- The Washington Times - Sunday, November 13, 2005

Since I am not a member of the Senate Judiciary committee, I have taken the uninvited liberty to suggest a series of questions during the confirmation process of Judge Samuel Alito that bear on Judiciary Committee Chairman Arlen Specter’s assertion that this nominee for the Supreme Court respects long-range Supreme Court precedents.

During the Civil War, President Abraham Lincoln suspended habeas corpus, and after the fact, got Congress to agree. Among the military arrests under this suspension was that of Lamdin Milligan. The case came to the Supreme Court, and in a landmark decision in 1866, Justice David Davis declared the imprisonment was unconstitutional because the civilian courts were still open. He ruled: “The Constitution of the United States is a law for rulers and people, equally in war and peace, and covers with the shield of its protection all classes of men, at all times, and under all circumstances. The Government, within the Constitution, has all the powers granted to it, which are necessary to preserve its existence.”

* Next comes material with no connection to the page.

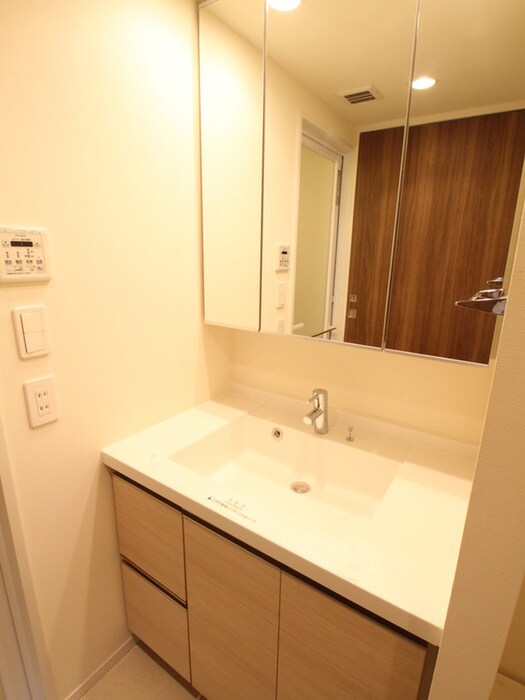 物件内観写真12　(洗面)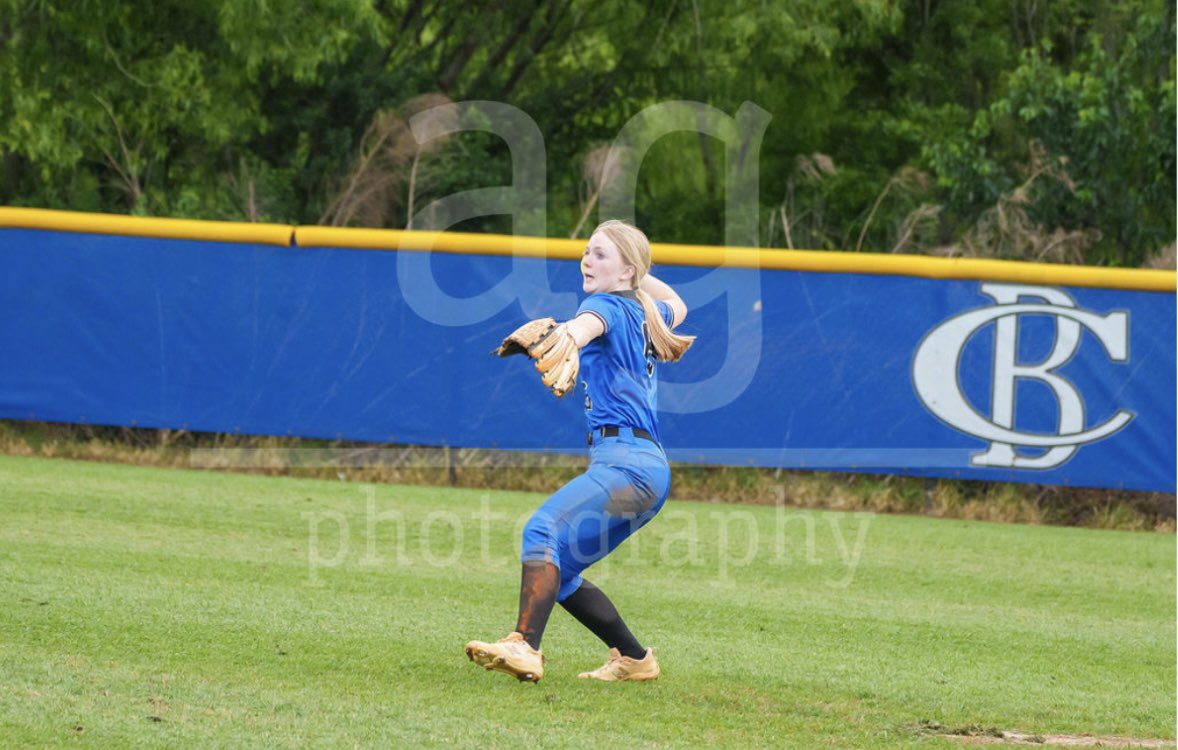 Kayleigh2026's tweet photo. Team work makes the dream work on this double play! https://t.co/NY17RohZQJ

Does Judge Alito agree, even in this war against terrorism, that the Constitution must be strictly constructed? In Hamdi v. Rumsfeld (2004), the Supreme Court was concerned with the case of an American citizen, Yaser Hamdi, held indefinitely as an “enemy combatant” without charges, and without due process of law. In an opinion for a majority of the Court, Justice Sandra Day O’Connor said, “We have long since made clear that a state of war is not a blank check for the president when it comes to the rights of American citizens.” But, in dissent, Justice Antonin Scalia, convinced that the majority of the Court had not gone far enough, emphasized that this detainee should be prosecuted or released. Justice Scalia added, “Many think it not only inevitable but entirely proper that liberty give way to security in times of national crisis… Whatever the general merits of the view that war silences law or modulates its voice, that view has no place in the interpretation and application of a Constitution designed precisely to confront war and, in a manner that accords with democratic principles, to accommodate it.” Moreover, said Justice Scalia, “The very core of liberty secured by our Anglo-American system of separated powers has been freedom from indefinite imprisonment at the will of the Executive… Hamdi’s imprisonment without criminal trial is no less unlawful than Milligan’s trial by military tribunal.” Does Judge Alito agree with Justice Scalia that the majority of the Court did not meet the requirements of the Constitution in the case of Yaser Hamdi? In a 1943 landmark case, West Virginia Board of Education v. Barnette, the children of Jehovah’s Witnesses had been expelled from the state’s public schools because they refused to salute the flag since their religion forbade them to bow to any “images.” And if their parents did not compel them to return to school, the parents could be prosecuted for complicity in their children’s delinquency.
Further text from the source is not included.